◆ **EXERCISE BRIEF**
Go through the data below and transcribe it exactly. Omit the images.

————————

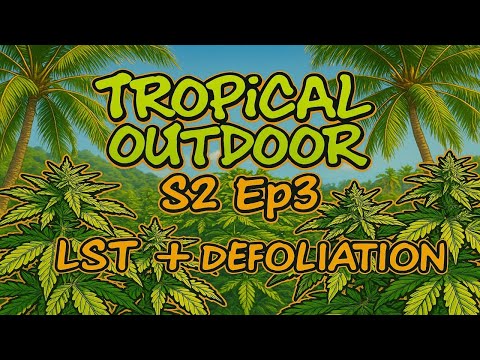 Homegrown Cannabis in Tropical Thailand 2025 | Outdoor Grow 2025 Season 2 Episode 3 #BudHead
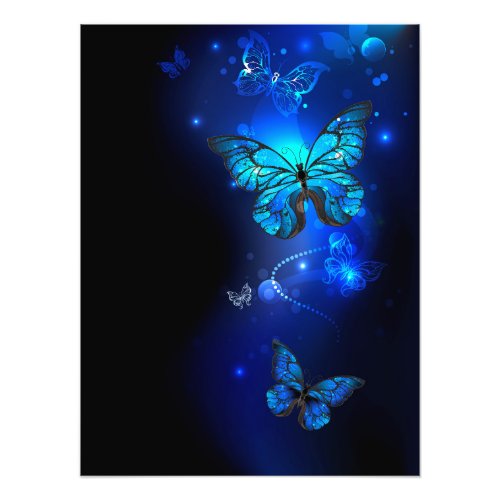 Morpho Butterfly in the Dark Background Photo Print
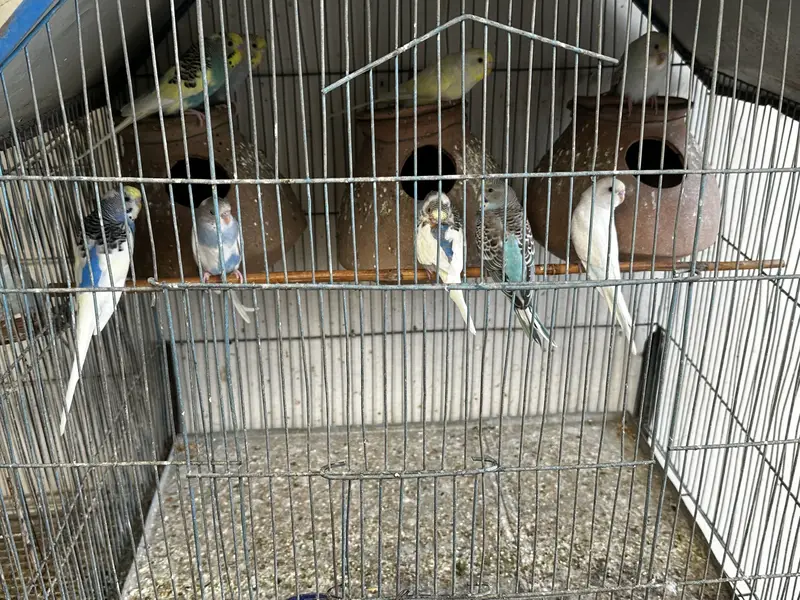 Ringneck & budgies — photo 4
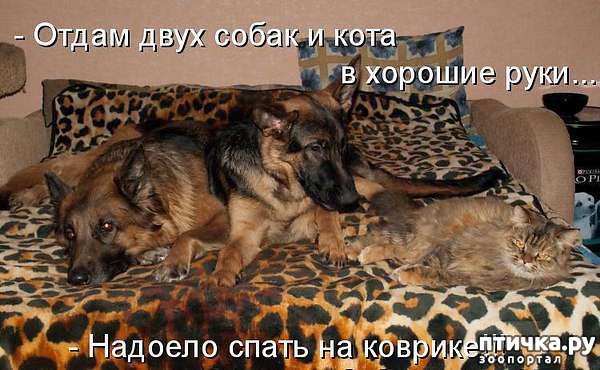 ���� 2: ������ � 2018 ���� ��������� �����������: ��� ����� � �������!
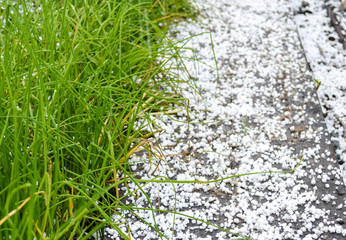 Снег и трава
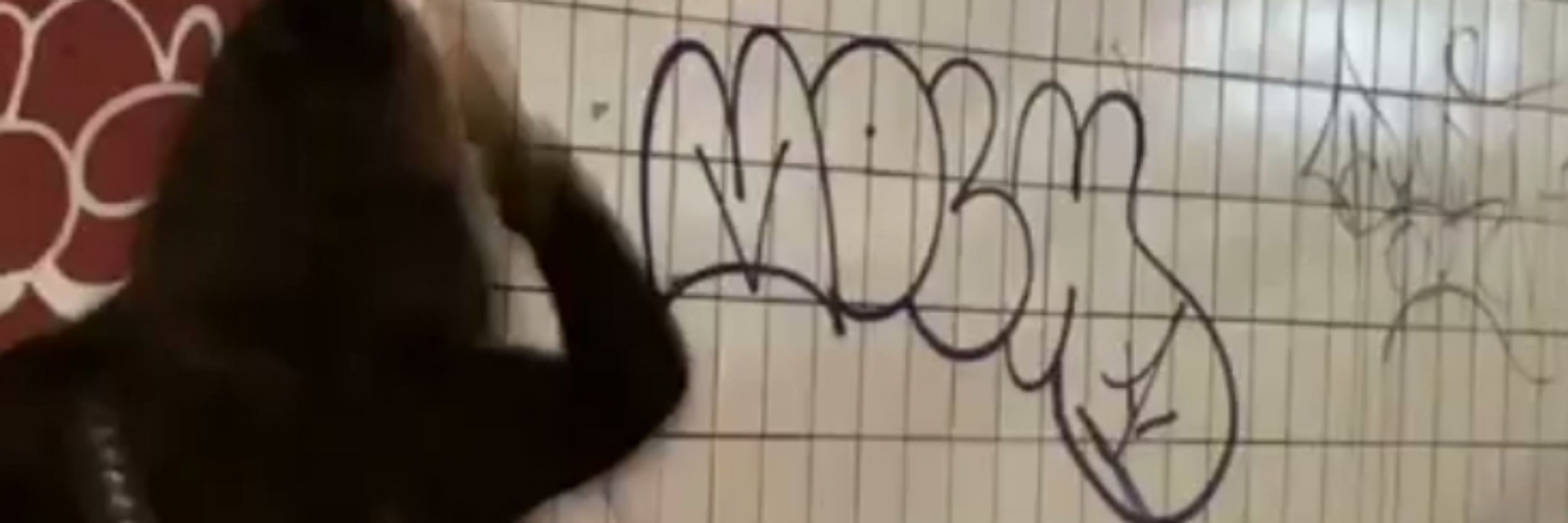 geo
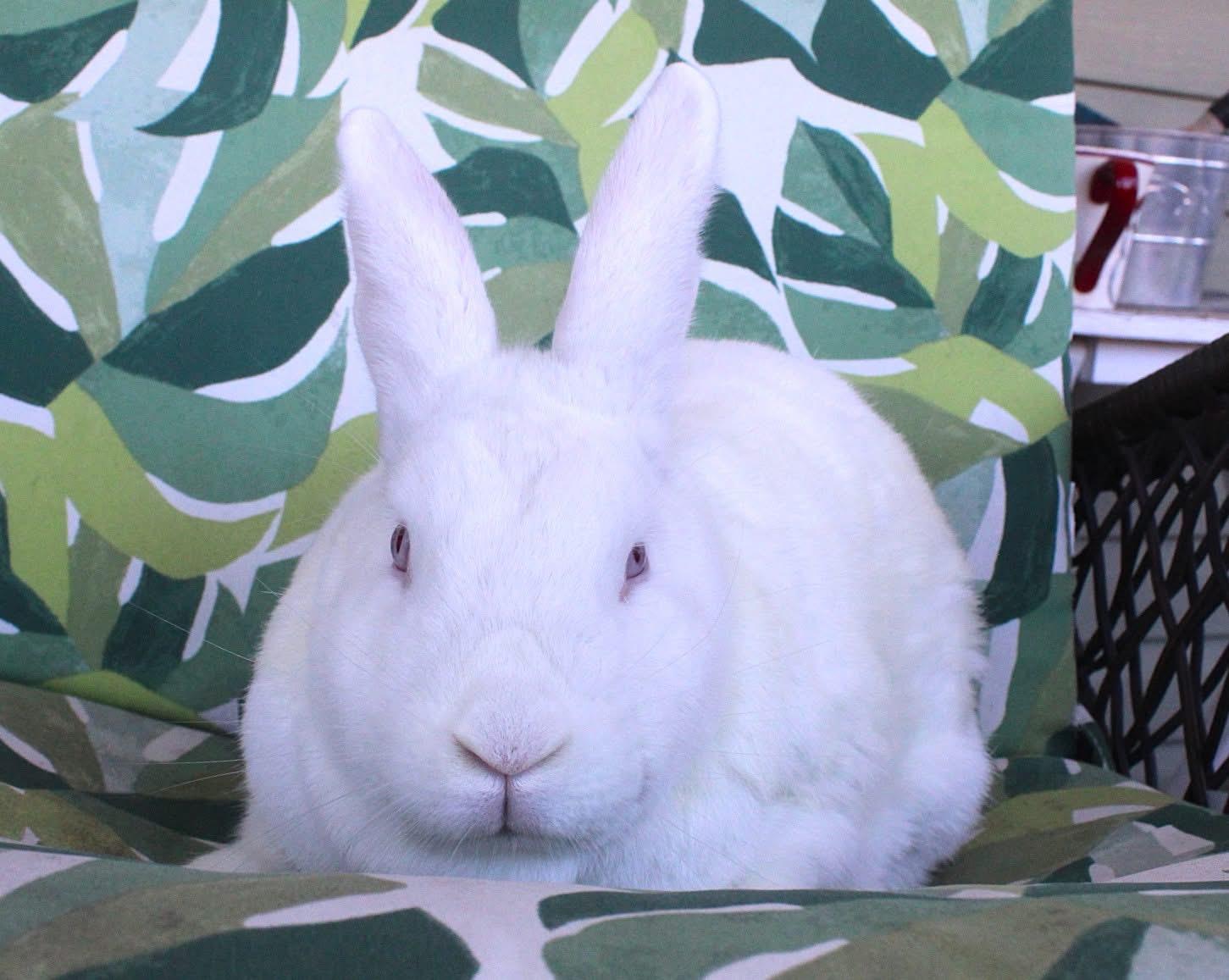 Crystal, Adoptable, Adult Female New Zealand.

————————

◆ **OUTPUT FOR THIS EXERCISE**
 Homegrown Cannabis in Tropical Thailand 2025 | Outdoor Grow 2025 Season 2 Episode 3 #BudHead
 Morpho Butterfly in the Dark Background Photo Print
 Ringneck & budgies — photo 4
 ���� 2: ������ � 2018 ���� ��������� �����������: ��� ����� � �������!
 Снег и трава
 geo
 Crystal, Adoptable, Adult Female New Zealand.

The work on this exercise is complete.